_Task to complete:_
Return the full set of entries precisely. Do not carry over any pictures.

--- Records ---

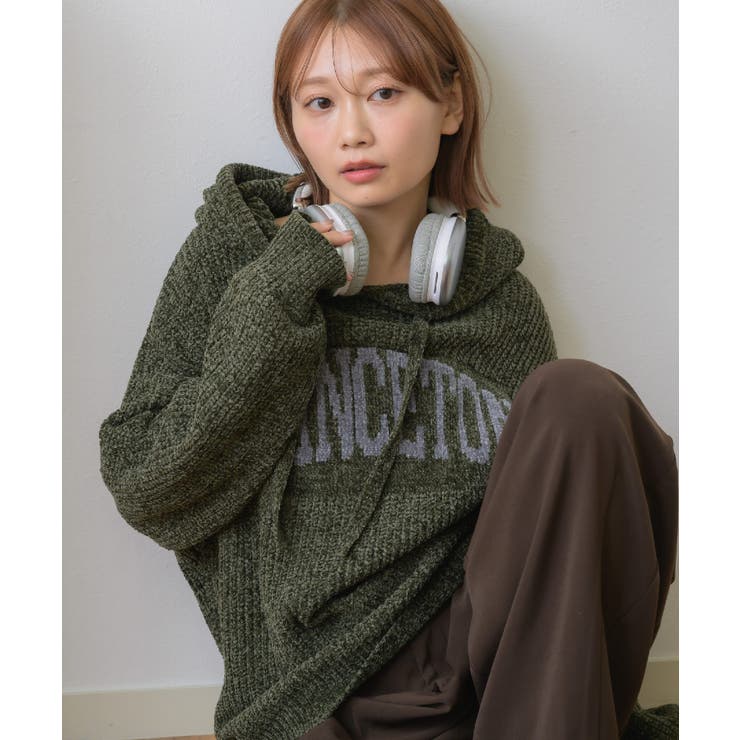 フーディーモールニット | RETRO GIRL | 詳細画像2 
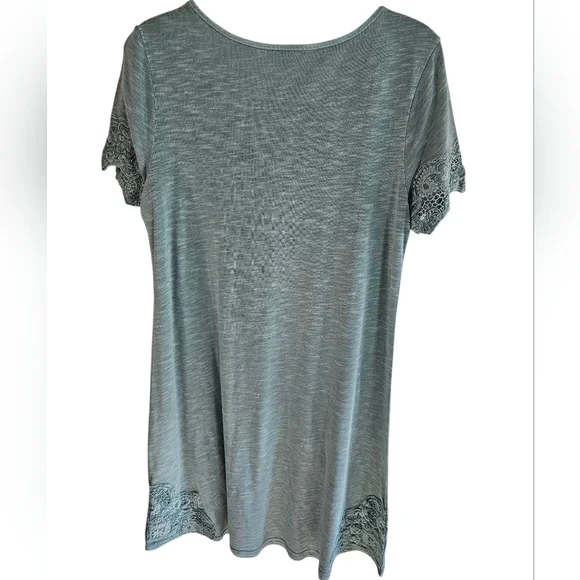 Soft Surroundings Womens Blue Lace Tunic Dress Medium NWT Boho Embroidered Flowy - Picture 3 of 8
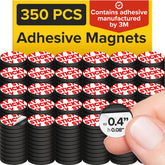X-bet MAGNET empaque frontal mostrando 350 discos magnéticos adhesivos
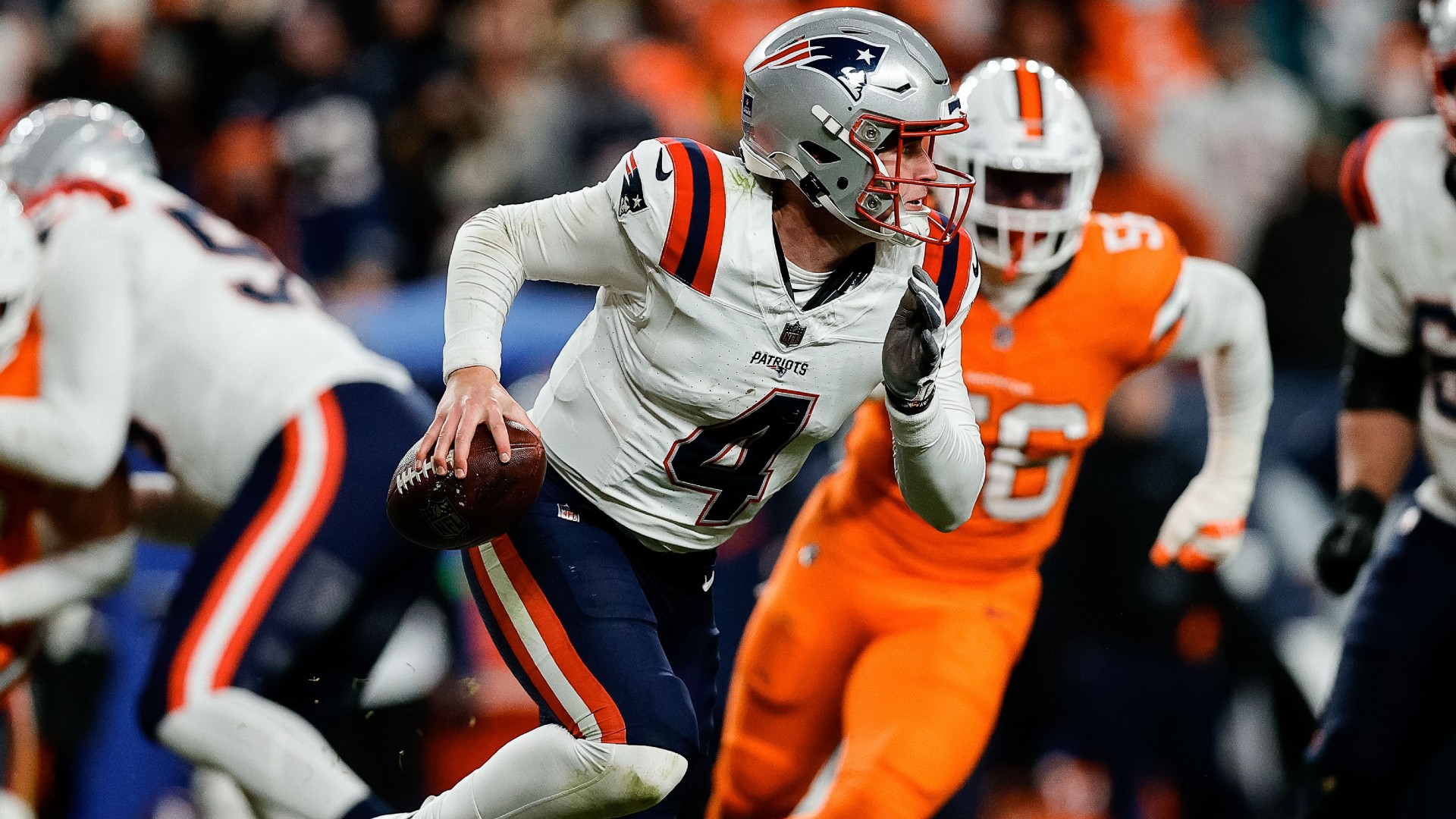 New England Patriots quarterback Bailey Zappe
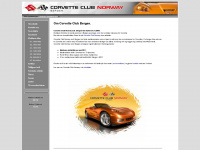 corvettebergen.com Webseite Vorschau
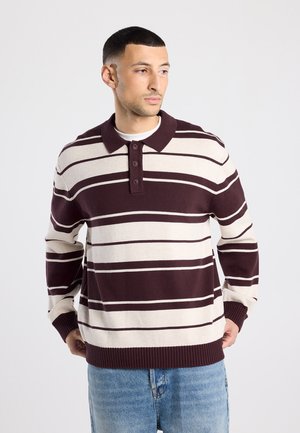 America Today, Poloshirt - bordeaux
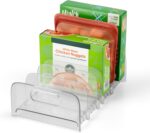 YouCopia FreezeUp Freezer Rack 12" BPA-Free Fridge Organizer with Adjustable Dividers and Handles for Frozen Food Box and Meal Storage, Clear - Image 2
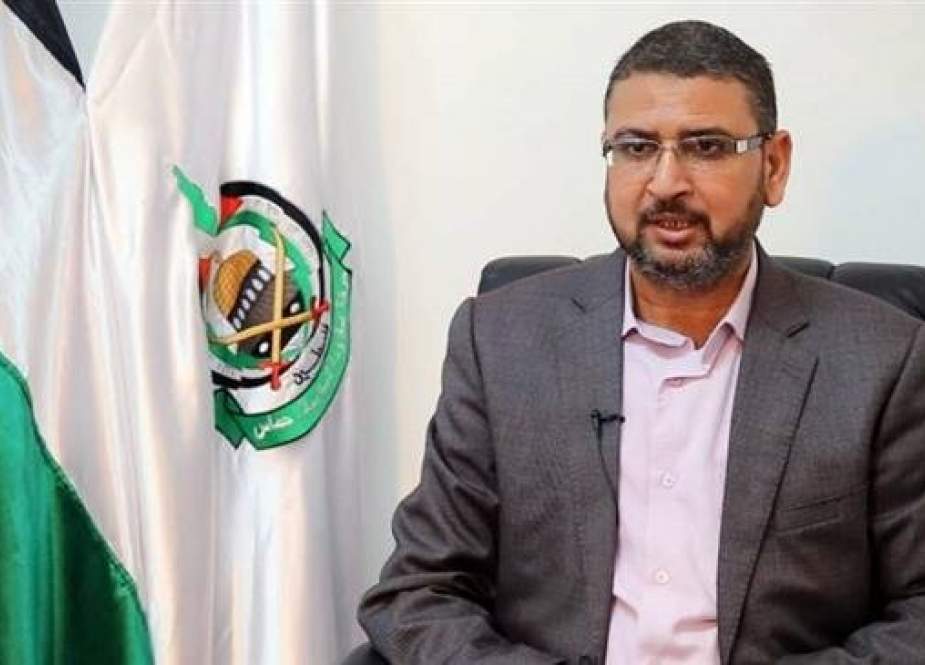 Sami Abu Zuhri, a spokesman for the Palestinian Hamas resistance movement (file photo)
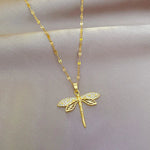 Collana con Libellula di Cristallo – Simbolo di Trasformazione e Bellezza - Emma e Gemma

---

_Answer to the problem:_
 フーディーモールニット | RETRO GIRL | 詳細画像2 
 Soft Surroundings Womens Blue Lace Tunic Dress Medium NWT Boho Embroidered Flowy - Picture 3 of 8
X-bet MAGNET empaque frontal mostrando 350 discos magnéticos adhesivos
 New England Patriots quarterback Bailey Zappe
 corvettebergen.com Webseite Vorschau
 America Today, Poloshirt - bordeaux
 YouCopia FreezeUp Freezer Rack 12" BPA-Free Fridge Organizer with Adjustable Dividers and Handles for Frozen Food Box and Meal Storage, Clear - Image 2
 Sami Abu Zuhri, a spokesman for the Palestinian Hamas resistance movement (file photo)
 Collana con Libellula di Cristallo – Simbolo di Trasformazione e Bellezza - Emma e Gemma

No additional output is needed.